Kathy and I went to see the movie "The Case for Christ" this afternoon. It was an excellent movie and well acted. I found myself being caught up in the emotion of it all.
In case you don't know, Lee Strobel is a famous Christian apologist who started out as an atheist. He has written many poplar apologetic books. This movie depicts his journey from atheism to faith. As an investigative journalist for The Chicago Tribune, he was a firm believer in following the facts wherever they led. When his wife becomes a Christian, he sets out to prove the resurrection of Jesus never happened by visiting and interviewing experts in many fields of study. Eventually he realizes that the evidence for the resurrection was strong and he could not disprove it, so he converts to Christianity himself.
I have read several of Strobel's books and used to watch a question and answer TV show he hosted. His story is intriguing, as are other stories like his, such as Josh McDowell's. There have been a number of atheists that have come to believe in the resurrection of Jesus after examining the evidence. But on the other hand, there have been a number of Christians that have become unbelievers upon more thoroughly investigating the evidence. I am one of those people as is Dan Barker, who was an evangelical preacher for 19 years before realizing that he really didn't believe what he was preaching.
So, how can that be? How can two people examine the exact same evidence and come to such radically different conclusions?

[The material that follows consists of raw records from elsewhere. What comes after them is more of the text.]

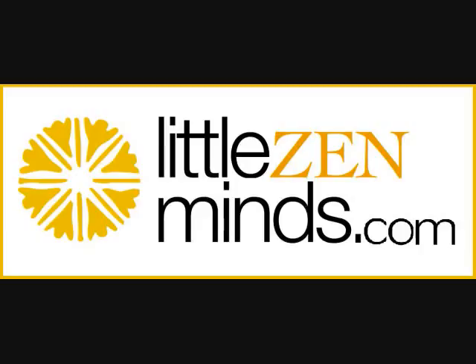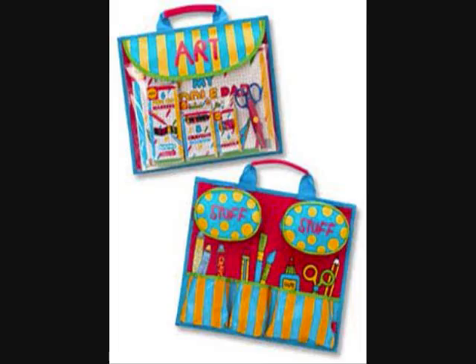Hi, this is Fiano from LittleZenMinds.com. Today we are featuring the Art2Go Portfolio for only $19.95.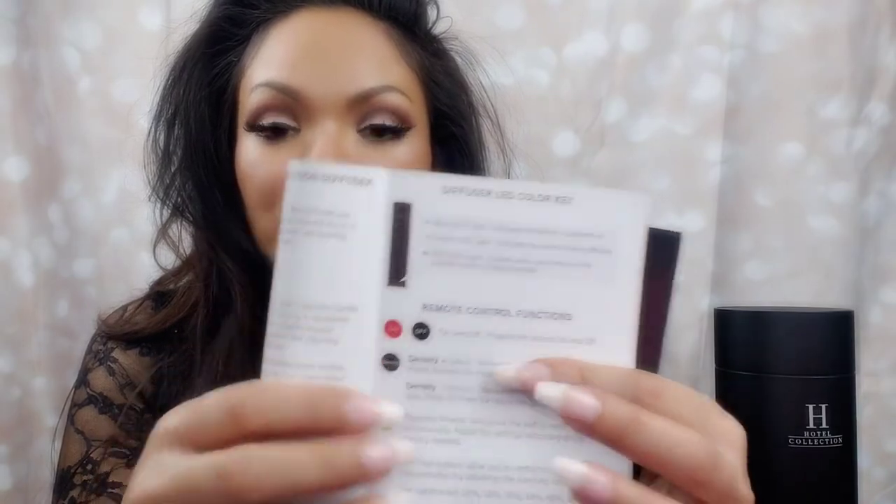There are three different lights on there: you have a blue LED light which means the device is powered on, a green LED light which tells you the scent is being diffused, and a red LED light which flashes when any button on the remote is being pressed. All of this will be in your manual — I'm just going over it with you if you're new to this thing like I am. On the remote you have your density control — this can increase your aroma intensity by 10%, so if you pressed it 10 times you'll get maximum density of the aroma. And if you hit the minus sign 10 times it'll decrease it all the way down to minimum density.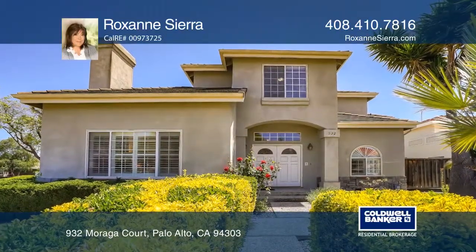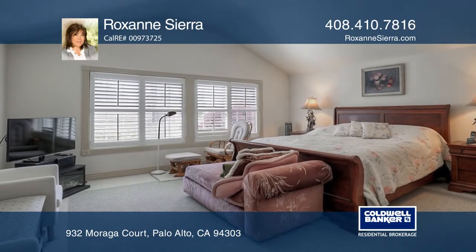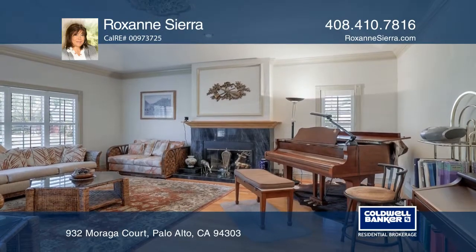This immaculate two-story home features five bedrooms and three full baths. It has dual air temperature control, custom designer hardwood floors, and French doors leading into the formal dining room.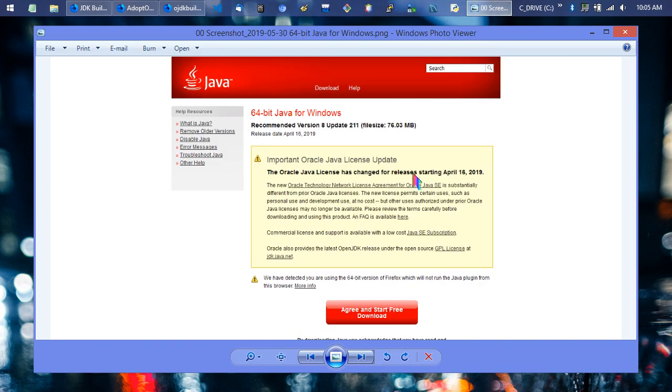If you go to java.com, you'll see a notice saying the license changed starting April 16th, 2019 — a slight extension from what was originally going to be the end of January. The new Oracle license is substantially different from the prior one. Remember, this is only Oracle Java, not the rest of the Java ecosystem. The new license permits certain uses such as personal use and development use at no cost, which is important to note.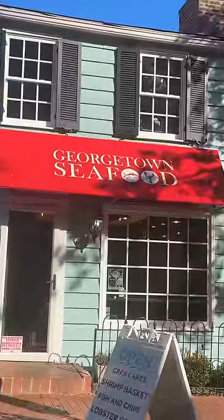Reviewing Georgetown Seafood in Washington, DC. I was in the mood for some lobster rolls, po'boys, and hush puppies, so I found this place. They said this place has some of the best lobster rolls, hush puppies, and po'boys around. Let's see what they're hitting on.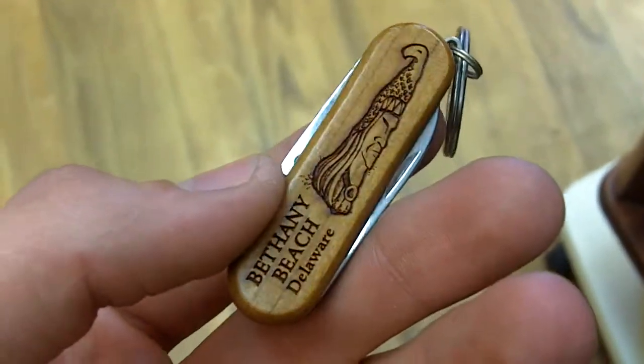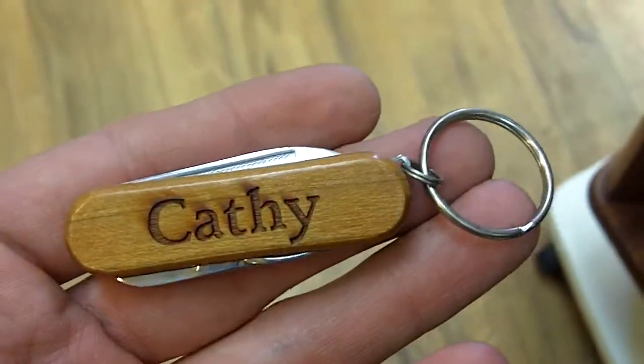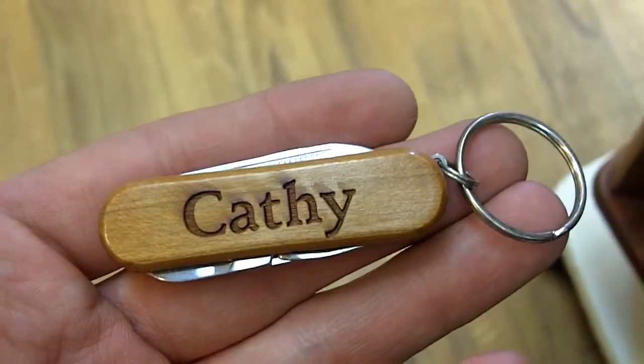And that also follows the back here, where we have our Bethany Beach totem pole right there on top, and the Bethany Beach logo right across the bottom of it. Inside of the pocket tool, we have one knife, one pair of scissors, and one file, which is always useful.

It's a conundrum, but fascinating. Think about a trial where 12 people are listening to the evidence being presented about the guilt or innocence of an alleged criminal. Sometimes the evidence is overwhelming one way or the other and all 12 vote the same way. However, in other cases, the evidence is not quite so clear. There is some evidence that makes you think the person is guilty, but other evidence that makes you think the person is innocent.
So what makes a person come down on one side or the other? Well, I believe it has to do with how much evidence each individual requires in order to be convinced of something. Some people can be told that friendly space aliens are going to land in Central Park tomorrow to take willing Earthlings to a better planet, and they will be lined up waiting at midnight. Others could actually see aliens land and take people and still not believe it, thinking some sort of delusion had overtaken them.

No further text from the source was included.